No es difícil imaginarlos –por ejemplo, e hipotéticamente–, siendo trasladados por oleadas, durante las primeras décadas de expansión imperial, a la Bulgaria de hoy, al sur o margen derecha del Danubio. Tampoco es difícil imaginar que, duros e indóciles como habían sido con sus conquistadores romanos, muchos de ellos atravesaran el Danubio para establecerse en la Dacia, fuera del alcance del yugo imperial.

Allí la masiva presencia peninsular griego–catalana fue sin duda perfilando paulatinamente el carácter latino al idioma del pueblo nativo.

Debe sin embargo tenerse en cuenta otro aspecto importante.

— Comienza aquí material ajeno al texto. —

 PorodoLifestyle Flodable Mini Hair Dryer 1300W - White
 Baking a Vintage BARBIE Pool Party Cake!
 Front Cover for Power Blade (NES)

Y es que las características de la resistencia peninsular contra los romanos nos permiten imaginar a muchos de los más cultos, prósperos y experimentados griego–catalanes siendo expulsados de sus tierras y llevados a esos pobres, poco poblados y poco desarrollados territorios de Bulgaria, y de donde huyeron hacia los no menos pobres y poco poblados de la vecina Dacia.

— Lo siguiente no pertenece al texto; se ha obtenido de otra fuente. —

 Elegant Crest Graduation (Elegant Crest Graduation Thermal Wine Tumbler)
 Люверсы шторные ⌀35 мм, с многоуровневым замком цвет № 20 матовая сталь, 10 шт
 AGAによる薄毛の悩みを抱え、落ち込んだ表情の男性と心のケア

Así, su influencia de todo orden en el territorio al que llegaron debió ser relativamente grande, asombrando con sus conocimientos a los nativos. Ello, sin duda, les concedió gran ascendiente. Y esto, a su turno, facilitó la dispersión en ese territorio del “idioma” –o, mejor, de la mezcla de idiomas latinos– que traían.

Cientos y miles de descendientes de esos griego–catalanes habrían ido naciendo, creciendo y multiplicándose en la Dacia, pero conservando en la mente el orgullo y amor por su patria de origen y su profunda identificación como griego–catalanes.

Si grupos enteros de población griego–catalana habían sido expulsados de su tierra en el siglo II aC, no debió ser insignificante –respecto de la población nativa– el número de los descendientes e hijos mestizos de los migrantes asentados en la Dacia, hacia el siglo II dC, al cabo de cuatro siglos de estancia, cuando Trajano emprendió la conquista de esos territorios y su incorporación al imperio.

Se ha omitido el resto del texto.